From the seat opposite, a child stared up at him. They were the only two in the compartment. Eight, perhaps ten years old. Was it a boy or a girl? With that mop of pre-Raphaelite hair, it was hard to tell. What was in those eyes? Hope?

No. Expectation.

He knew the child had something to do with him but struggled to place what. He wasn’t its father, he knew that or, at least, believed he would know if it had been the case. Had he been asked to look after it? Who by? Its mother? A stranger? For how long? For the duration of the journey, or was she about to return to the compartment having briefly excused herself?

The thought that he could simply ask the child was followed, like a dog after a rat, by a sudden reluctance to do so. He had to appear in control, be the adult. He smiled, and the child smiled back, uncertain, waiting. It jogged no memory.

Outside, in the corridor, a woman’s voice called something about it ‘being that man again’, and ‘how long this time?’. A compartment door banged shut.

“Wait here,” he said to the child and pulled open the sliding compartment door. But, like an obedient dog, the child insisted on following.

The corridor was little more than shoulder width. To his right, curtains were drawn tight across neighboring compartments. To his left, the windows to the outside world revealed nothing, not even a light on the horizon. Stare as he might, he couldn’t see beyond his own reflection staring back at him. He barely recognized himself.

They must be in a tunnel, he reasoned. That would explain the impenetrable blackness. But even as he thought it, he knew it was not true. Tunnels drew out a dread in him, a claustrophobic tenseness. This was more akin to looking out over a void, as if the train were on a bridge and he were staring into space. But, if so, where was that gut-dropping feeling of agoraphobia?

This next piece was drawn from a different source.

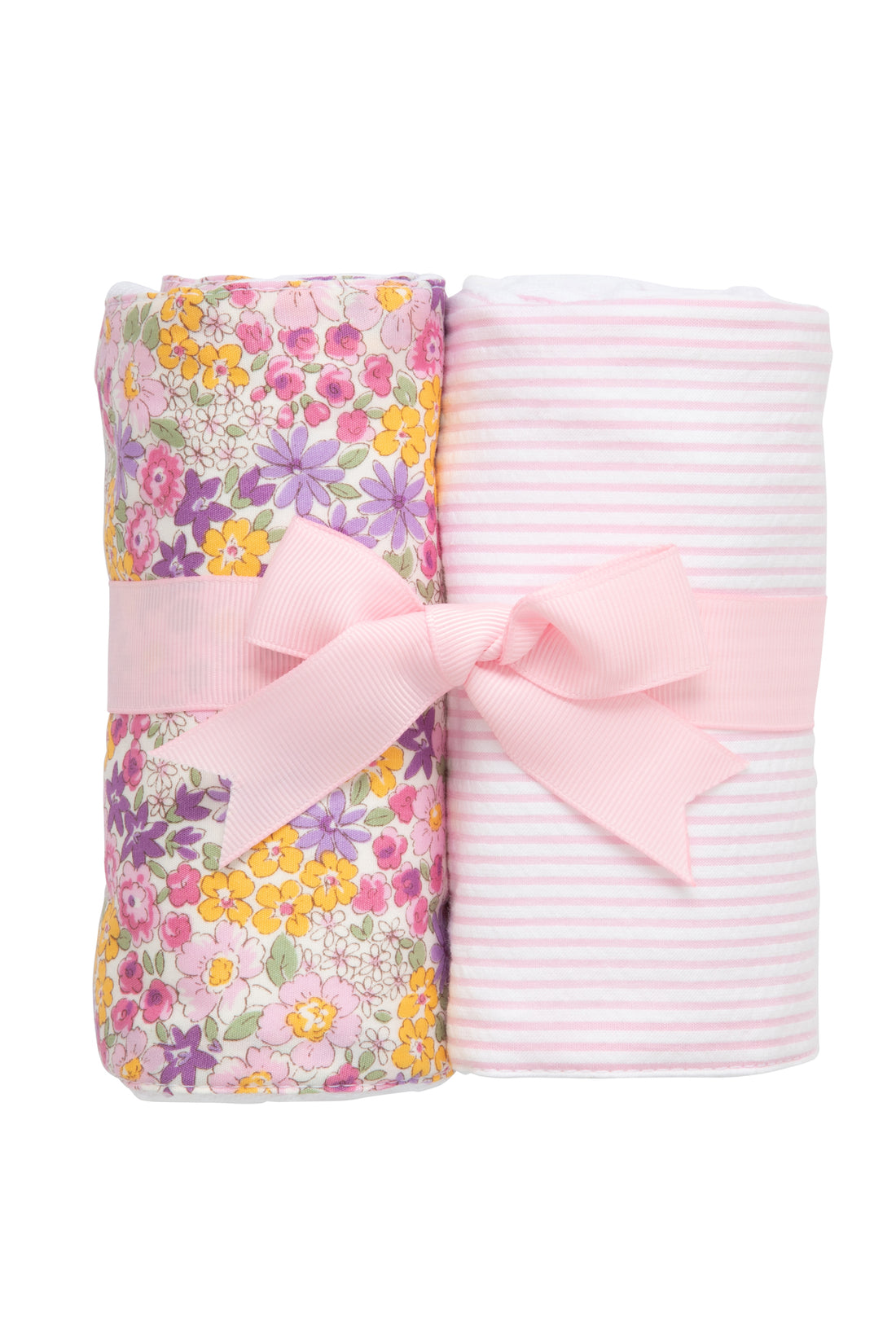 Two cotton burp cloths for baby with pink and purple floral print and seersucker stripe fabric, 3 Marthas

He had a sudden flashback to arguing about a painting of an empty room: whether it was of a room that had just been vacated, or of one about to be occupied. It had somehow mattered. He couldn’t recall which stance he had taken. Or had it been a scene in a play? In some similar way, this was not void, but not enclosure either. He was looking out onto nothing, but a nothing that was something, not merely absence, void, vacuum.

The child looked up in concern as pain passed over his face.

The train lurched into motion again, wood and metal groaning, stirred from their own slumber. As he made his way down the narrow corridor he had to roll with the growing rattle, rocking as the motion dictated.

Through one carriage, then through another. Laughter within one compartment, a raised voice in its neighbor. He glanced behind him. The child was still with him, a pace behind. It carried a teddy bear he hadn’t noticed before, one button eye missing. It seemed to wink at him.

Thomas, it seemed to say.

He paused.

Thomas. Yes, he had known that all along, that his own name was Thomas.

But even then, it seemed to fit almost but not quite, like a mechanism put in back to front. It meshed, but not seamlessly.

A steward bustled toward him. They each canted their shoulders to allow the other past. The steward smiled, a flickered smile of recognition, and then was gone to restock towels. Thomas could not recall ever seeing the man before. Perhaps he had misread the expression.

After a third carriage, he emerged into the dining car, a curved island of bar in the middle dividing two clusters of formal tables, all white linen and silver service, cutlery lined up like soldiers, from a green ‘L’ of leather banquette hugging a short line of small circular tables.

Two men at the bar turned to Thomas.

“My friend and I were just discussing whether, if you ate yourself, you would double in weight or reduce to nothing.”

“This is a ridiculous question,” his friend, less drunk, muttered.

“What do you think?”

“I don’t think it’s possible,” Thomas said.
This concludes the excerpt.